### Data provided
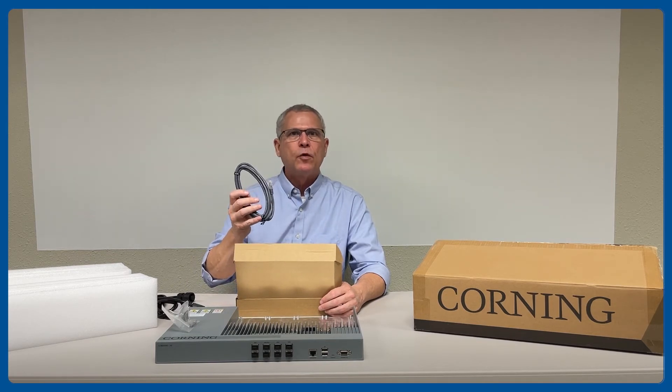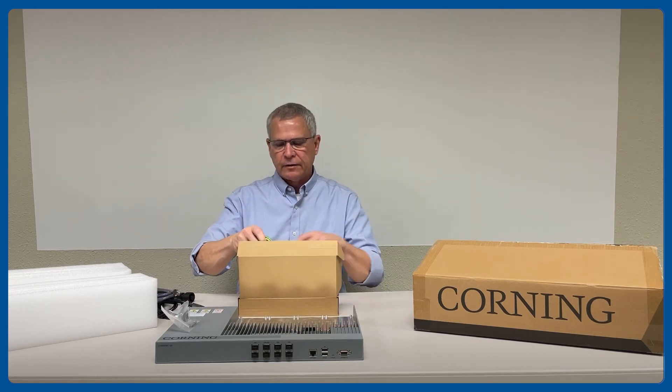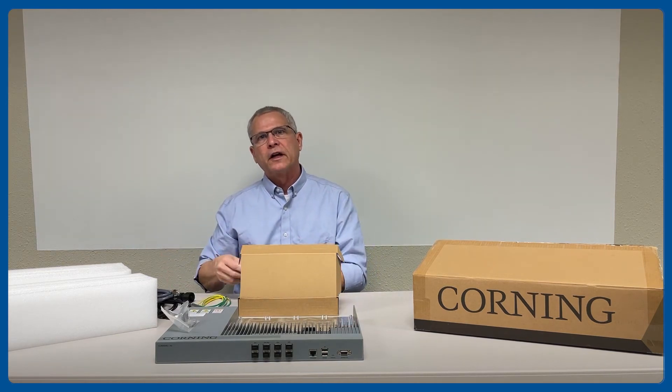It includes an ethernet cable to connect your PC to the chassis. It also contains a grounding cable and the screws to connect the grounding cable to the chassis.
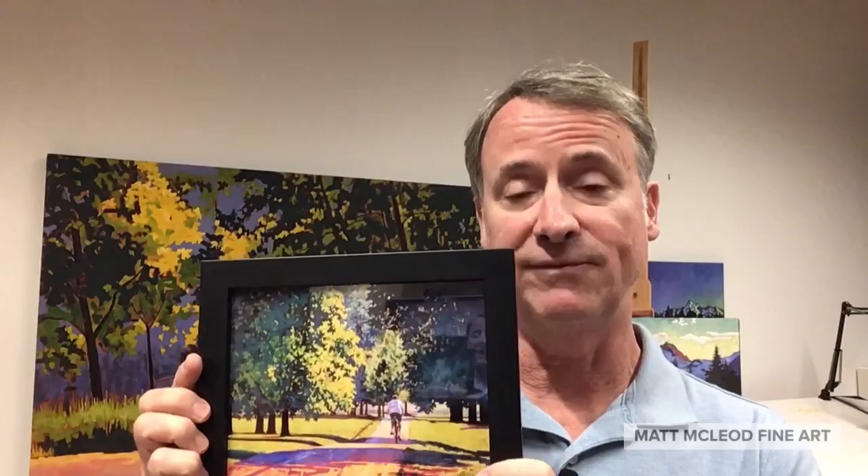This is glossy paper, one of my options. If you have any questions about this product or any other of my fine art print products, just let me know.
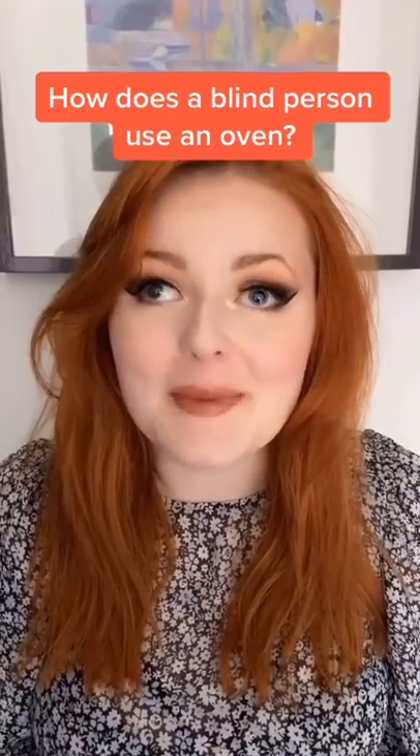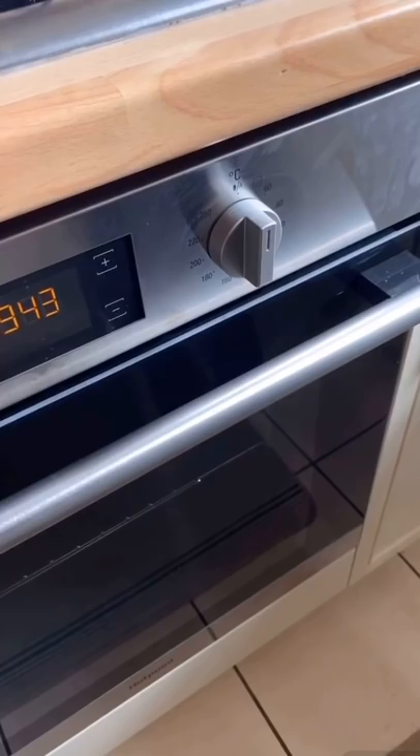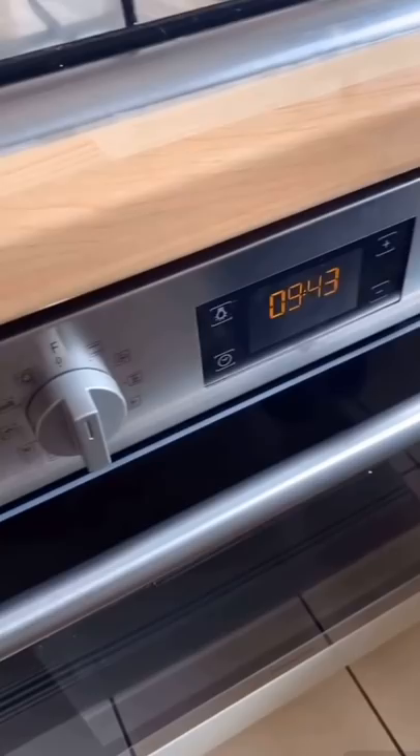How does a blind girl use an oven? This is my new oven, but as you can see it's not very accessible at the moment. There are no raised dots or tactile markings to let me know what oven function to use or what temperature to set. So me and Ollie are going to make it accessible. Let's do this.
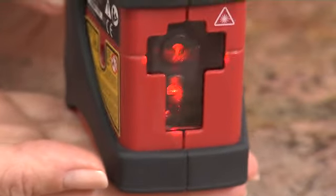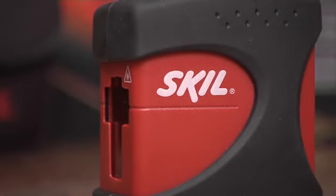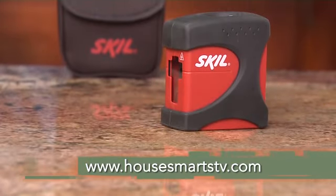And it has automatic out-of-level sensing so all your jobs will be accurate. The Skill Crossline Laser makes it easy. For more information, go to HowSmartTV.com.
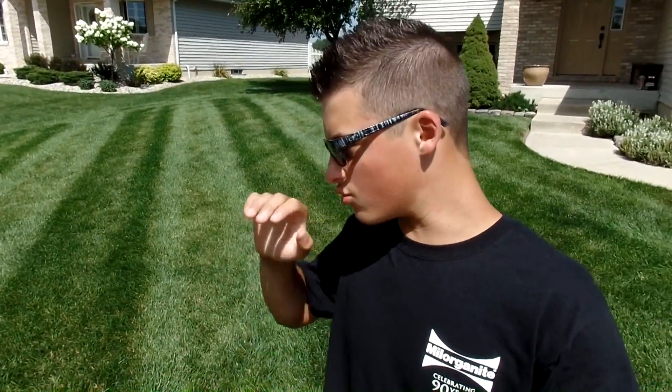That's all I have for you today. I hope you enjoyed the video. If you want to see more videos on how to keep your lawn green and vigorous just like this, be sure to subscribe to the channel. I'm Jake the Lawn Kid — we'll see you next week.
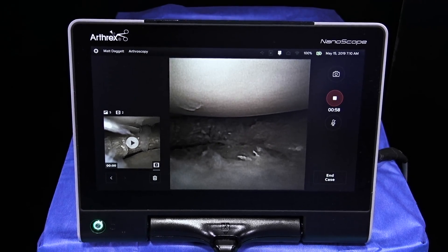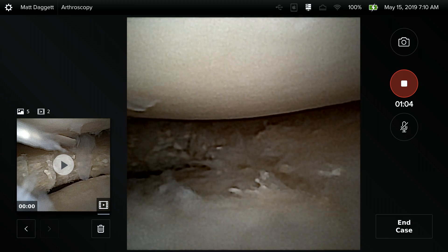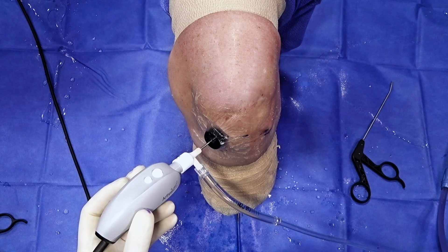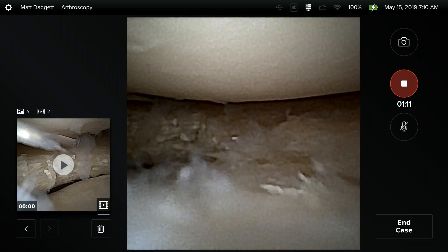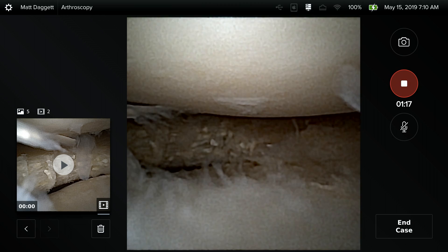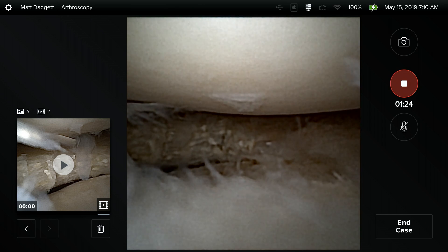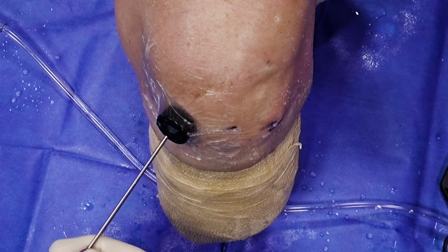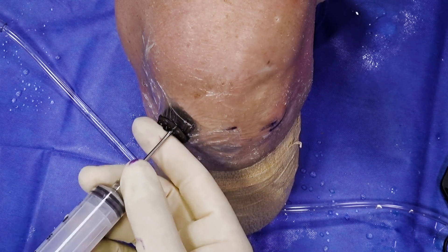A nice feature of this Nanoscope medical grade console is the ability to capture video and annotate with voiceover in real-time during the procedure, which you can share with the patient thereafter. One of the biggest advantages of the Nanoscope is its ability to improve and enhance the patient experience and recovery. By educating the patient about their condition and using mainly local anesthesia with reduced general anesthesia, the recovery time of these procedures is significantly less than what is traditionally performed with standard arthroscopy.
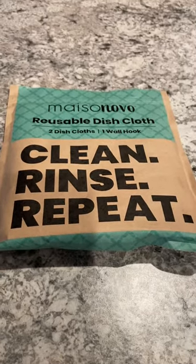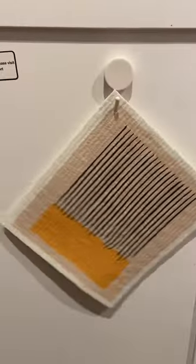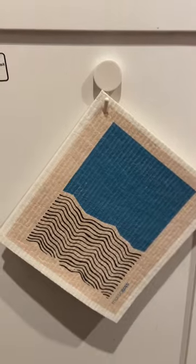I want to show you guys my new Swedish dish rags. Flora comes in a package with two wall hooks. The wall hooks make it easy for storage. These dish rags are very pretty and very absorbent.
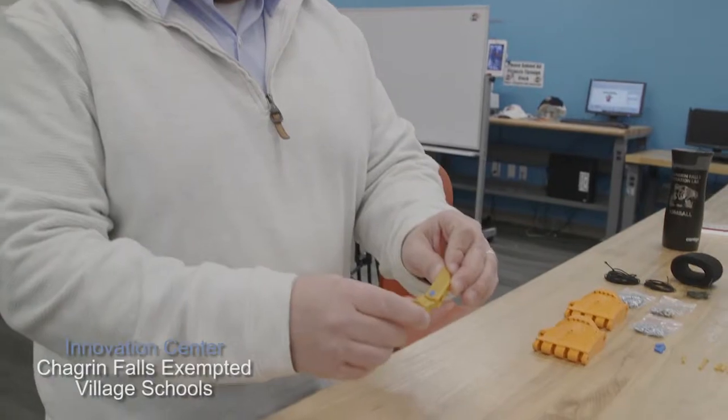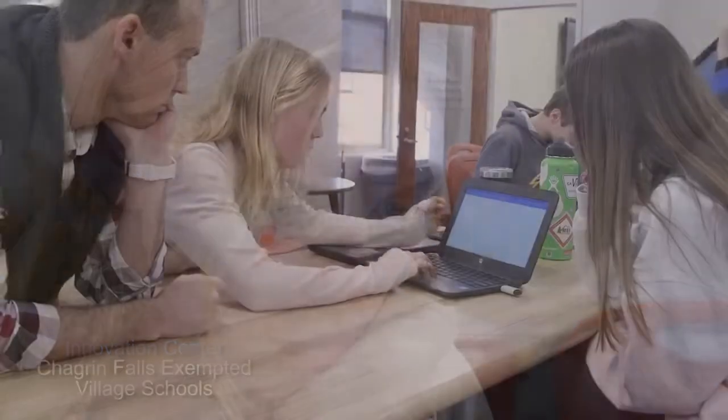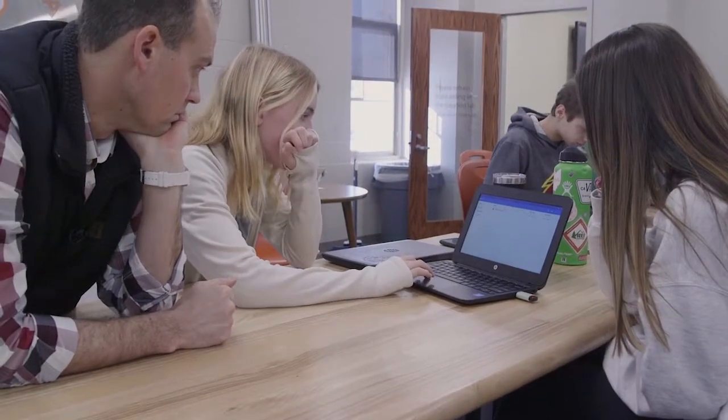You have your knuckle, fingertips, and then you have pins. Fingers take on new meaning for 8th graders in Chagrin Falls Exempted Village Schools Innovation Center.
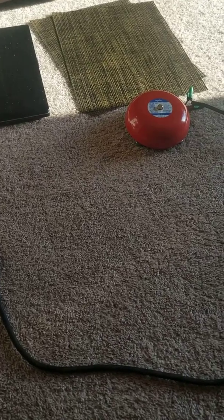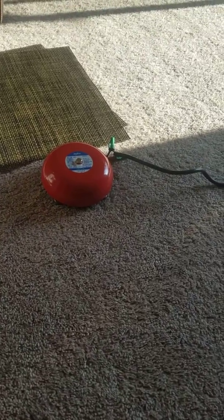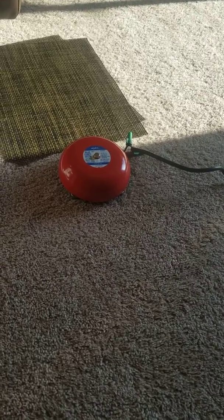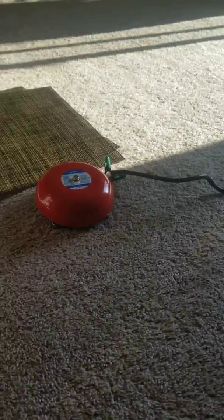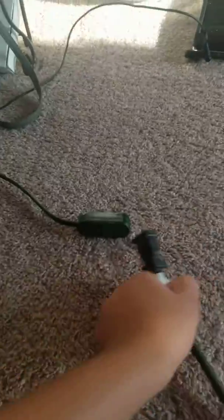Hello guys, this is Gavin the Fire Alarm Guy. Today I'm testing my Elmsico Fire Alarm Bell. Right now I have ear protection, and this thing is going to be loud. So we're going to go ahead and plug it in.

### Task statement
Give the listing again word for word. Skip every image.

### Answer space
It includes an ethernet cable to connect your PC to the chassis. It also contains a grounding cable and the screws to connect the grounding cable to the chassis.
This is glossy paper, one of my options. If you have any questions about this product or any other of my fine art print products, just let me know.
How does a blind girl use an oven? This is my new oven, but as you can see it's not very accessible at the moment. There are no raised dots or tactile markings to let me know what oven function to use or what temperature to set. So me and Ollie are going to make it accessible. Let's do this.
And it has automatic out-of-level sensing so all your jobs will be accurate. The Skill Crossline Laser makes it easy. For more information, go to HowSmartTV.com.
That's all I have for you today. I hope you enjoyed the video. If you want to see more videos on how to keep your lawn green and vigorous just like this, be sure to subscribe to the channel. I'm Jake the Lawn Kid — we'll see you next week.
A nice feature of this Nanoscope medical grade console is the ability to capture video and annotate with voiceover in real-time during the procedure, which you can share with the patient thereafter. One of the biggest advantages of the Nanoscope is its ability to improve and enhance the patient experience and recovery. By educating the patient about their condition and using mainly local anesthesia with reduced general anesthesia, the recovery time of these procedures is significantly less than what is traditionally performed with standard arthroscopy.
I want to show you guys my new Swedish dish rags. Flora comes in a package with two wall hooks. The wall hooks make it easy for storage. These dish rags are very pretty and very absorbent.
You have your knuckle, fingertips, and then you have pins. Fingers take on new meaning for 8th graders in Chagrin Falls Exempted Village Schools Innovation Center.
Hello guys, this is Gavin the Fire Alarm Guy. Today I'm testing my Elmsico Fire Alarm Bell. Right now I have ear protection, and this thing is going to be loud. So we're going to go ahead and plug it in.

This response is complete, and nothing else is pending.